» **Task requirements**:
Type again, exactly, the lines below from the start through the line that includes "Looks like that's".

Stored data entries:
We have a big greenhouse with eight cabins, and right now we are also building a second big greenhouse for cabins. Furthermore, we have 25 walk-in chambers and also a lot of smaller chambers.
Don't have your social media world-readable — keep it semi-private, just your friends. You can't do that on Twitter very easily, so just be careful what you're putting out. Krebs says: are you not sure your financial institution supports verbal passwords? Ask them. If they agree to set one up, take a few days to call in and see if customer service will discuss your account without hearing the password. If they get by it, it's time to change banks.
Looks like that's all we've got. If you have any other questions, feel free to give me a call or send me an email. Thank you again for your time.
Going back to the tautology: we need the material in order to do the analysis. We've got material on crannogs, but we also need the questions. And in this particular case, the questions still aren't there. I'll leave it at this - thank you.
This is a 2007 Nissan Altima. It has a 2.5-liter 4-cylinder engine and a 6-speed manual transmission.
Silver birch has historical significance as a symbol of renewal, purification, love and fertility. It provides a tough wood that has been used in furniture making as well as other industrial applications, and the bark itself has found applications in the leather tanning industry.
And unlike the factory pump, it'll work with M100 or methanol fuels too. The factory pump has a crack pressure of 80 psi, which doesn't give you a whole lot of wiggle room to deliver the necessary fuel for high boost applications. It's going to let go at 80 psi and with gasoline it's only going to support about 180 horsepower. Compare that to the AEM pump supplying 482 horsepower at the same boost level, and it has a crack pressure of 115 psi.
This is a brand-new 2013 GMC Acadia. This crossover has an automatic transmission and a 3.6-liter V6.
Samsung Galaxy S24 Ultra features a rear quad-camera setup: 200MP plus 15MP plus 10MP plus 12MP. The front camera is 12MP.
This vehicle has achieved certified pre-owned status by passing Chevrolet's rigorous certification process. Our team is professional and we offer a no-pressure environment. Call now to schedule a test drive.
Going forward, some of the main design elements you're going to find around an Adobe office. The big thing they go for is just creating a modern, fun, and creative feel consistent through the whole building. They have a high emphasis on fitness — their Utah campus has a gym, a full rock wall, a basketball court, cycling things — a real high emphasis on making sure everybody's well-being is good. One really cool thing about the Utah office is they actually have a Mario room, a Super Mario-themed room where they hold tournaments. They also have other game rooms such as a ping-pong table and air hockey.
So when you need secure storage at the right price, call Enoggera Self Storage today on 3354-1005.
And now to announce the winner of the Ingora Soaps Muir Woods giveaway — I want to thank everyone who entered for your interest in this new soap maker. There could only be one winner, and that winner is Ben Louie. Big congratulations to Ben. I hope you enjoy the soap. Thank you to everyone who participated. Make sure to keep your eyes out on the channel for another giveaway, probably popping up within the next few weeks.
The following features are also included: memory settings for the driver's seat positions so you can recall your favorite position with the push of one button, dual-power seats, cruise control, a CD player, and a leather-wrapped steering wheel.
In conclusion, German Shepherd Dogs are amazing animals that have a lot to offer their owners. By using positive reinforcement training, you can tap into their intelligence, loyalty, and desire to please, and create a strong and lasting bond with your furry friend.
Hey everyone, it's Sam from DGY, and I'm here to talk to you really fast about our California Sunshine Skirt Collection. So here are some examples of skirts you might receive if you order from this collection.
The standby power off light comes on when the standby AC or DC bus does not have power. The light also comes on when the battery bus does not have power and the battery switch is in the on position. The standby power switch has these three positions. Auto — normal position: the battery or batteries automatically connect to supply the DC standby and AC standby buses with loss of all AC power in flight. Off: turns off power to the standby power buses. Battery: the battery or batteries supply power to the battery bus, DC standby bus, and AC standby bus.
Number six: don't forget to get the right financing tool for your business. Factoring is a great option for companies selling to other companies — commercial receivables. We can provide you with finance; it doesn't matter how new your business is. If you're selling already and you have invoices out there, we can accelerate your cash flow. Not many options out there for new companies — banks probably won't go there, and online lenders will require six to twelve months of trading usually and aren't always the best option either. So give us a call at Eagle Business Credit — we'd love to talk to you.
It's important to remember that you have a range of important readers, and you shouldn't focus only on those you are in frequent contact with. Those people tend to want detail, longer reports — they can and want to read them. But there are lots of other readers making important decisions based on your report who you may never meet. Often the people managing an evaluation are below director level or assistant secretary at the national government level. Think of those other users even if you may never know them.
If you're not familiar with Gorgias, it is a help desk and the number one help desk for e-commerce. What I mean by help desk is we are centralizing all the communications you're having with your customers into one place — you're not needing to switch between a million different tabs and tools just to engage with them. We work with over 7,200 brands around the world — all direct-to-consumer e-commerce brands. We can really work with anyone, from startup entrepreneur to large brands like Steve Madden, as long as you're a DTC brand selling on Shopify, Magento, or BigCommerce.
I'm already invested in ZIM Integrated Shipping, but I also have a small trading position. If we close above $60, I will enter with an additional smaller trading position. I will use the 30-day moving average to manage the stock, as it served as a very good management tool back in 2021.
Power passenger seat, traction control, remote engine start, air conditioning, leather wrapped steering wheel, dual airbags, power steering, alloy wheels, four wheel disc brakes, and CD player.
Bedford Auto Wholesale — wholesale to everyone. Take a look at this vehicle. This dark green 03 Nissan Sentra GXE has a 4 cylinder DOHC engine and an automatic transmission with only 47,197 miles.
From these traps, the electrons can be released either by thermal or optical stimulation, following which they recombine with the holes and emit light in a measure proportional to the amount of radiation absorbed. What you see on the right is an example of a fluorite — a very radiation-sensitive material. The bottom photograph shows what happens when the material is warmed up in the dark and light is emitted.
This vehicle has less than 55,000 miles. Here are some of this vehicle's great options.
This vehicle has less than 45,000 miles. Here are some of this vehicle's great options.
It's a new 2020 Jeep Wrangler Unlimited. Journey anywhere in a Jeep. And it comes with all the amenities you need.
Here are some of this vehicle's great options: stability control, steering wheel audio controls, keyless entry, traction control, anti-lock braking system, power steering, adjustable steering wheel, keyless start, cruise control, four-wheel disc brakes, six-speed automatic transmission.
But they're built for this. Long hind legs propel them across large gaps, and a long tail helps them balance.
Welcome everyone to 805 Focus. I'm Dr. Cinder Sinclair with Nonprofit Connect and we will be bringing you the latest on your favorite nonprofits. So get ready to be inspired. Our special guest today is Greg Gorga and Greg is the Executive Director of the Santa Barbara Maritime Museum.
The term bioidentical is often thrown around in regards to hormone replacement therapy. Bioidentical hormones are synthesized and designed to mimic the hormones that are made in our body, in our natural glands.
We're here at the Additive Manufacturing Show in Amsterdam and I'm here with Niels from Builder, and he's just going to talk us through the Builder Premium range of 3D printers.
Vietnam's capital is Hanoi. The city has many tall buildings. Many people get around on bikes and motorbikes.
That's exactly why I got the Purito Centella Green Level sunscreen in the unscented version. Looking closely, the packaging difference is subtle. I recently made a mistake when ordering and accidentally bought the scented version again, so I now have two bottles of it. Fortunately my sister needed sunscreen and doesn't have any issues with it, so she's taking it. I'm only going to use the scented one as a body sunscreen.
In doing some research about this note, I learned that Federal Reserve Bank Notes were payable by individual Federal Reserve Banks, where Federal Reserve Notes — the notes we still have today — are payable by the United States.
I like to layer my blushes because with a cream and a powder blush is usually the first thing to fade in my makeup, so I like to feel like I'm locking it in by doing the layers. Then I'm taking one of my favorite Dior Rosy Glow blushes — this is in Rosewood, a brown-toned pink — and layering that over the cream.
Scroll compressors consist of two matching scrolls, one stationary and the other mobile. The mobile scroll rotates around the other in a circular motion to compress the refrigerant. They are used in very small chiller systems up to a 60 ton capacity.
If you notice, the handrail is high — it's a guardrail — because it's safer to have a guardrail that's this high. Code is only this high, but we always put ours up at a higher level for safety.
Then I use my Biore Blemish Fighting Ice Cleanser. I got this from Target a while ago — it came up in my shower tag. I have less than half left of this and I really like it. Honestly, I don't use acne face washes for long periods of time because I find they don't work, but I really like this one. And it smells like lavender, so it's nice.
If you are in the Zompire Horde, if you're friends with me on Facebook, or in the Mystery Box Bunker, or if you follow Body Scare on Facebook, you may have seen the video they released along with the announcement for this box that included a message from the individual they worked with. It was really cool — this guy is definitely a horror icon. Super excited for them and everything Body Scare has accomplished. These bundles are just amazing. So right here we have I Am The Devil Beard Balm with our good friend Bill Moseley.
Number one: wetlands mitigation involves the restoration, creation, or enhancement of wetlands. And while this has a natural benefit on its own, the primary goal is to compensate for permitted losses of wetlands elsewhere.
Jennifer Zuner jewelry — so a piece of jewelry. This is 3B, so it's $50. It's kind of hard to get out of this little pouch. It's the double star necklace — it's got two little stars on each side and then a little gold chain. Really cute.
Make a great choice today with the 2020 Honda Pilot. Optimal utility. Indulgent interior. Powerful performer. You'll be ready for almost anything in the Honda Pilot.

» **Response to the task**:
We have a big greenhouse with eight cabins, and right now we are also building a second big greenhouse for cabins. Furthermore, we have 25 walk-in chambers and also a lot of smaller chambers.
Don't have your social media world-readable — keep it semi-private, just your friends. You can't do that on Twitter very easily, so just be careful what you're putting out. Krebs says: are you not sure your financial institution supports verbal passwords? Ask them. If they agree to set one up, take a few days to call in and see if customer service will discuss your account without hearing the password. If they get by it, it's time to change banks.
Looks like that's all we've got. If you have any other questions, feel free to give me a call or send me an email. Thank you again for your time.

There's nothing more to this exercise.